By Magazin-Deutschland.de on Email

Whatever the result of the FIFA Women’s World Cup final on Sunday (July 17), the tournament has already delivered a surprise winner: Japan’s national team. With their 3:1 win against Sweden on Wednesday (July 13), the athletic Asian squad have not only made it to the final against the USA (3:1 in the semi-final against France), but are celebrating their best ever international soccer success. At the end of the semi-final, the otherwise reserved Japanese players were over the moon: many of them cheered and hugged each other, absolutely overjoyed. And after the match, the spectators in the Frankfurt stadium witnessed a familiar Japanese ritual on the pitch. Fans cheered as the charming team expressed their gratitude for the worldwide sympathy and support following the disastrous earthquake and tsunami with their banner: “To our friends around the world: Thank you for your support”.

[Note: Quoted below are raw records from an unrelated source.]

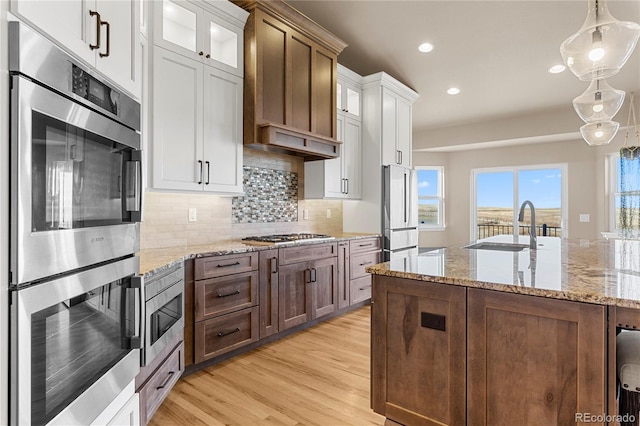 kitchen with white cabinetry, decorative light fixtures, stainless steel appliances, and light wood-type flooring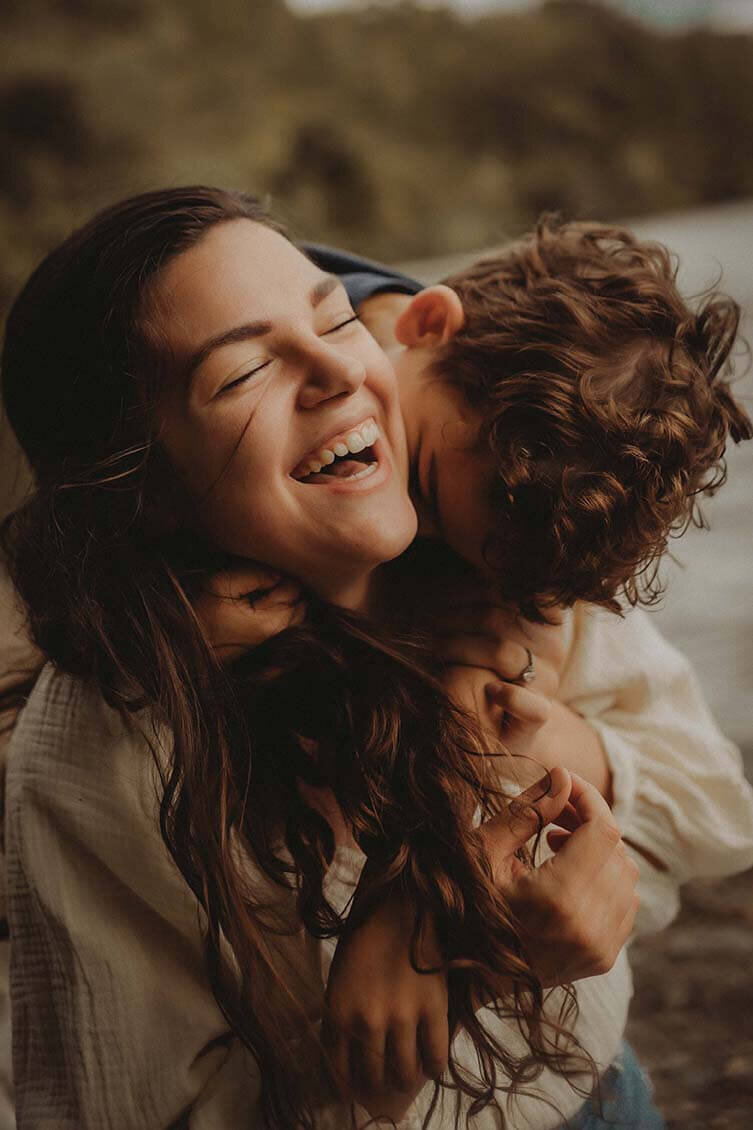 A son stands behind his mother while giving her big hugs and she laughs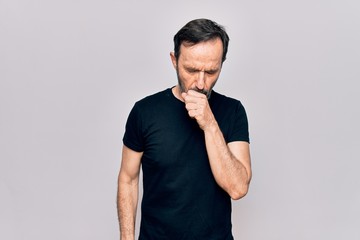Middle age man wearing casual black t-shirt standing over isolated white background feeling unwell...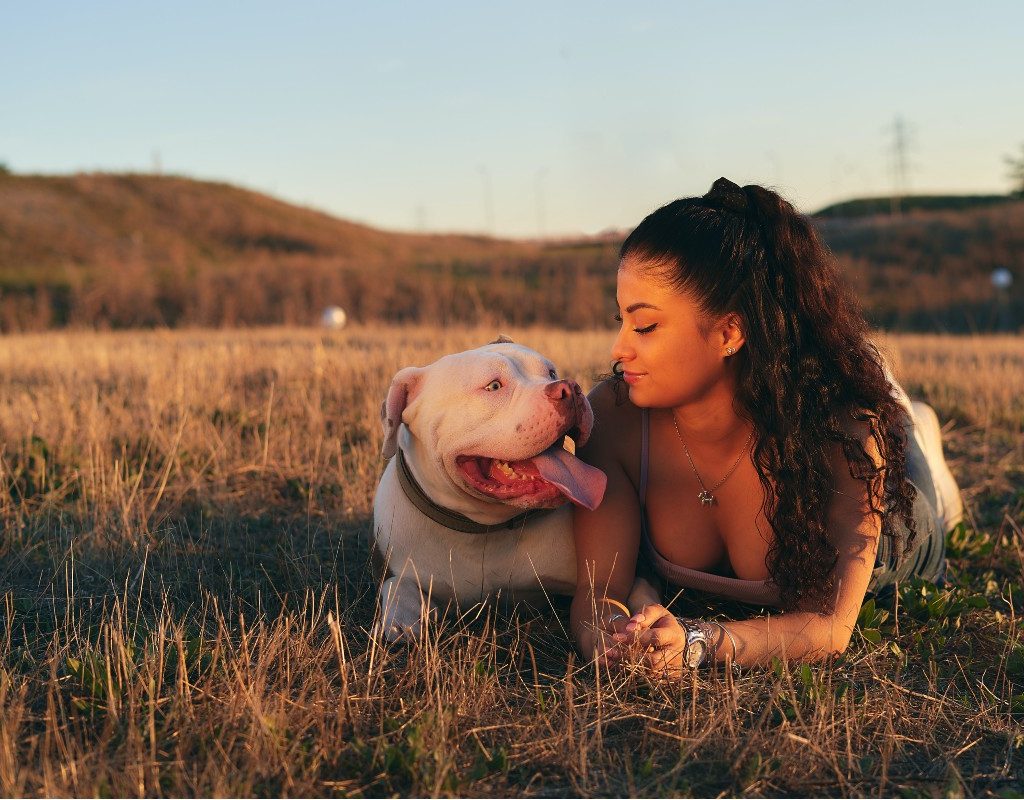 a woman sitting in the grass with her pit bull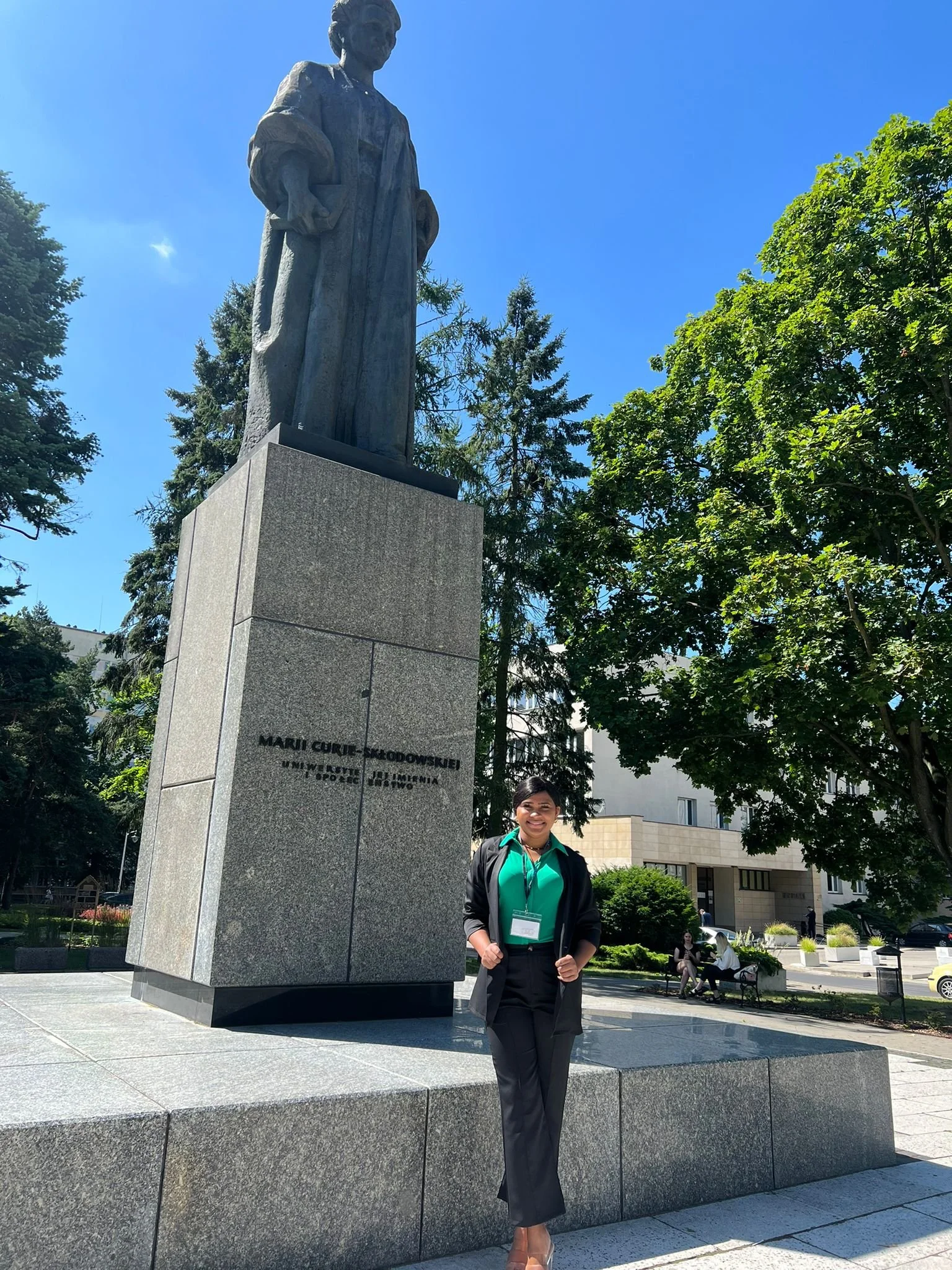 A woman in a teal blouse and black skirt standing next to a tall statue on a large stone pedestal, in an outdoor park with trees and benches, under a clear blue sky.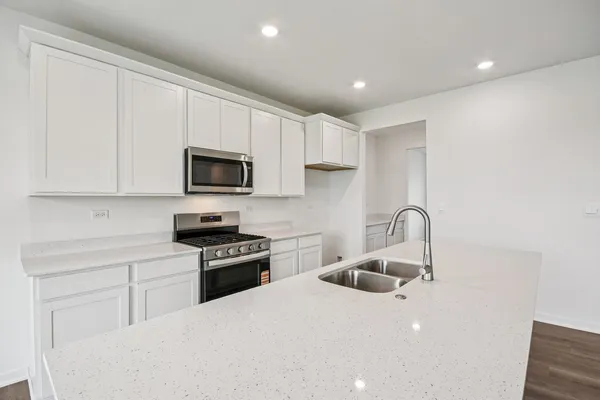 a kitchen with sink a microwave and stove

The fans can now look forward to seeing the Japanese team again in the World Cup final. Frankfurt, the city on the Main which has already hosted three of the World Cup matches, will be in the spotlight once more. And the World Cup arena, which was sold out for the semi final, will again be seething with a capacity crowd of more than 48,000 fans as the final kicks off between Japan and the USA. On the bank of the River Main fans will doubtless guarantee a great atmosphere for the climax of the tournament: the Football Gardens, Germany’s biggest Women’s World Cup fan mile, will be giving the fans another fantastic football experience. Along the bank of the Main, between Untermainbrücke and Holbeinsteg, more than 120,000 fans celebrated the World Cup opening match accompanied by a spectacular show surrounding a 14-metre high ball on a floating stage.

The big final will be flanked by the city’s World Cup motto “Frankfurt – The Heart of Women’s Football” in an atmosphere reflecting the host’s great women’s football tradition. This is where Germany’s first women’s football club, 1. Deutsche Damen-Fussballclub (1. DDFC), was founded in 1930. Today the city has numerous successful girls’ and women’s clubs, including Germany’s current top female football team, the 1. FFC Frankfurt. In the coming season this club will include a player who is now hoping to take her country to its first World Cup title: Saki Kumagai. The 20-year-old defence player in Japan’s national team is leaving the leading club Urawa Red Ladies to play for Frankfurt.

The city would certainly be happy to welcome a world champion into its football ranks. But one thing is certain: with or without the prestigious trophy, Saki Kumagai and her teammates will be saying “Thank you for your support” with their banner at the end of this exciting Women’s World Cup tournament.